Zero Downtime: The CTO's Guide to Sleeping Well
CTOs often face this tension: our business needs continuous innovation (multiple deployments daily), but zero downtime during deployments feels like an impossible luxury. Either we deploy frequently and risk incidents, or we deploy carefully and move slowly.
The good news: zero-downtime deployments are achievable for most workloads. It requires planning, but the architecture patterns are well-established.

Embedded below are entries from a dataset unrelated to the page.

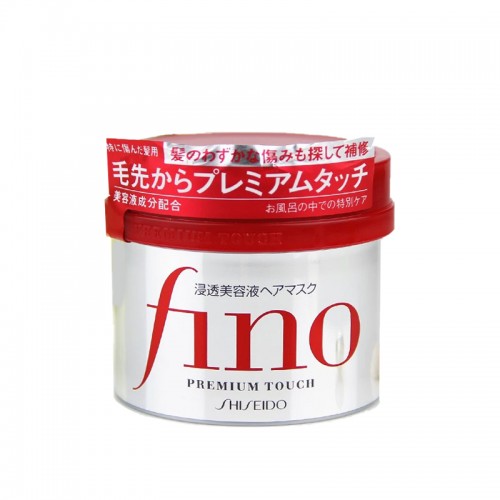ماسک مو فینو شیسیدو Fino Shiseido مدل Premium Touch وزن 230 گرم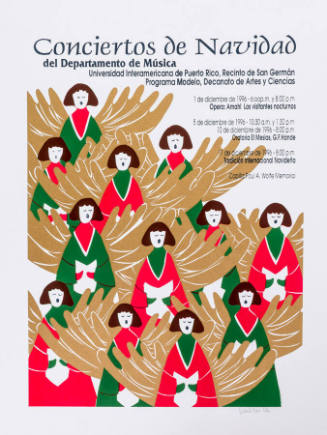Concierto de Navidad del Departamento de Música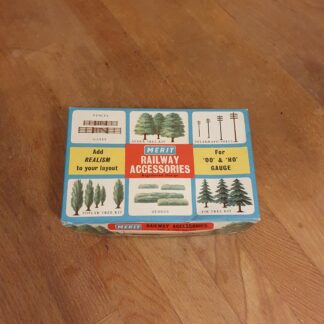 Railway accessories i æske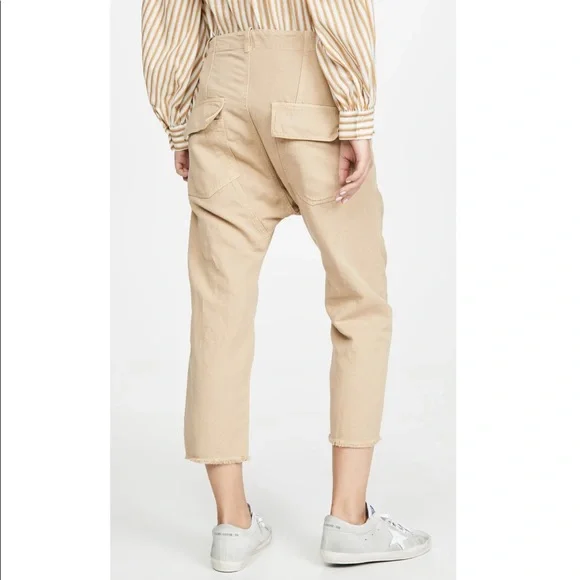 🐪BNWT Nili Lotan Luna Pants in Desert Sand size 0
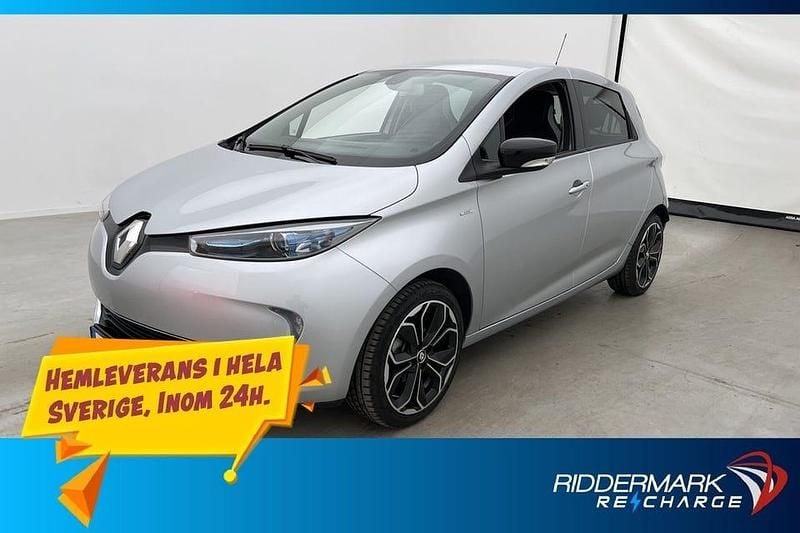 Okänd Begagnad 2019 Renault Zoe Bose Edition Halvkombi | 139 800 kr (Marknadspris) - Bild 1/3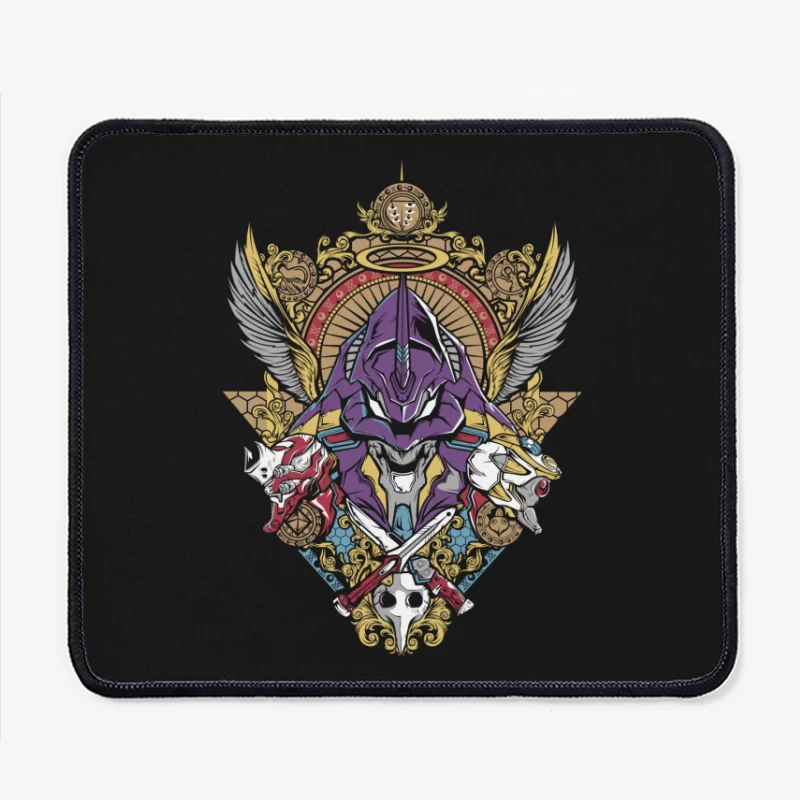 Fantasy Anime Character Illustration Mouse Pad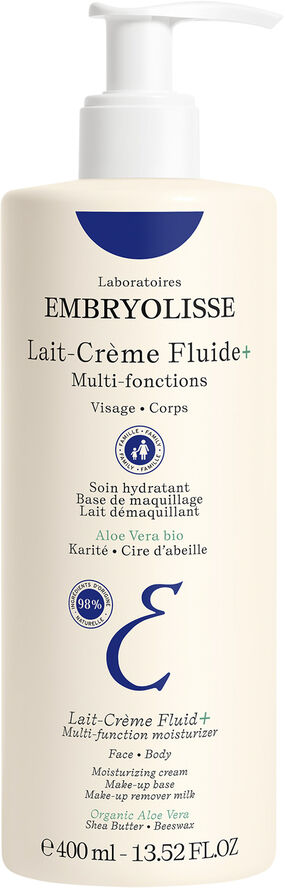 LAIT-CRÈME FLUID+ 400 ML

Here's how to implement them.
What Zero Downtime Actually Means
Zero downtime != zero risk: You can deploy without user-facing downtime while still carrying deployment risk. Rollback procedures, monitoring, and incident response remain critical.
Zero downtime means:
- Users don't experience service interruption during deployment
- Database schemas evolve without blocking queries
- Infrastructure changes don't drop connections
- Rollback doesn't require downtime
This is achievable for:
- Stateless services (APIs, web applications)
- Stateful services with proper design (databases, caches)

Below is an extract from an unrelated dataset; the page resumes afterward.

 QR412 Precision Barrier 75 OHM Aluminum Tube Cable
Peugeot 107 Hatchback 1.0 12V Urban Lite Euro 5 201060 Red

- Background jobs and batch systems
This is hard for:
- Systems with global state
- Distributed consensus systems (etcd, Kafka during rebalancing)

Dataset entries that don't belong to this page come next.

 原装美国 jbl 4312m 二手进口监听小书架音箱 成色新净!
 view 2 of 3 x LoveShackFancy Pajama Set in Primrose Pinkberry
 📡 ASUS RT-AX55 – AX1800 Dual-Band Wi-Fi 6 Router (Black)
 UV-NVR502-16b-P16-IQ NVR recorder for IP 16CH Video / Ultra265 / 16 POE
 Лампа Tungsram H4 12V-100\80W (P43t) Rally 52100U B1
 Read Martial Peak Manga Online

- Legacy monoliths tightly coupled to infrastructure
The Three Layers of Zero-Downtime Deployment
Layer 1: Application Level
Your application must handle being replaced mid-request.
Pattern: Graceful Shutdown
// Your application should handle SIGTERM properly
func main() {
server := &http.Server{}
go func() {
sigterm := make(chan os.Signal, 1)
signal.Notify(sigterm, syscall.SIGTERM)
<-sigterm
// Give in-flight requests 30 seconds to complete
ctx, cancel := context.WithTimeout(context.Background(), 30*time.Second)
defer cancel()
server.Shutdown(ctx)
}()
server.ListenAndServe()
}
When Kubernetes terminates a pod:
- Send SIGTERM to application
- Application stops accepting new requests
- In-flight requests complete (within timeout)
- Application exits
- Kubernetes routes traffic elsewhere
No dropped requests.
Pattern: Health Checks
// Readiness probe: Can this instance handle traffic?
func readinessHandler(w http.ResponseWriter, r *http.Request) {
if isShuttingDown {
w.WriteHeader(http.StatusServiceUnavailable)
return
}
w.WriteHeader(http.StatusOK)
}
// Liveness probe: Is the application still alive?
func livenessHandler(w http.ResponseWriter, r *http.Request) {
w.WriteHeader(http.StatusOK)
}
Kubernetes checks readiness before routing traffic. When shutdown begins, readiness fails, traffic routes away, then the pod terminates.
Layer 2: Infrastructure Level (Kubernetes)
Your deployment strategy must handle instance replacement gracefully.
Pattern: Rolling Update
apiVersion: apps/v1
kind: Deployment
metadata:
name: api-service
spec:
replicas: 3
strategy:
type: RollingUpdate
rollingUpdate:
maxSurge: 1 # Allow 1 extra pod during update
maxUnavailable: 0 # Never drop below desired replicas
selector:
matchLabels:
app: api-service
template:
metadata:
labels:
app: api-service
spec:
terminationGracePeriodSeconds: 30 # Wait 30s for graceful shutdown
containers:
- name: api
image: api:v2.0
lifecycle:
preStop:
exec:
command: ["/bin/sh", "-c", "sleep 5"] # Extra time for load balancer to notice
readinessProbe:
httpGet:
path: /ready
port: 8080
initialDelaySeconds: 5
periodSeconds: 5
How it works:
- New pod (v2.0) spins up alongside old pod (v1.0)
- New pod reports ready
- Load balancer starts routing traffic to new pod
- Traffic gradually shifts from old to new
- Old pod receives SIGTERM
- Old pod gracefully shuts down
- Repeat until all pods updated
No downtime because there's always capacity to handle traffic.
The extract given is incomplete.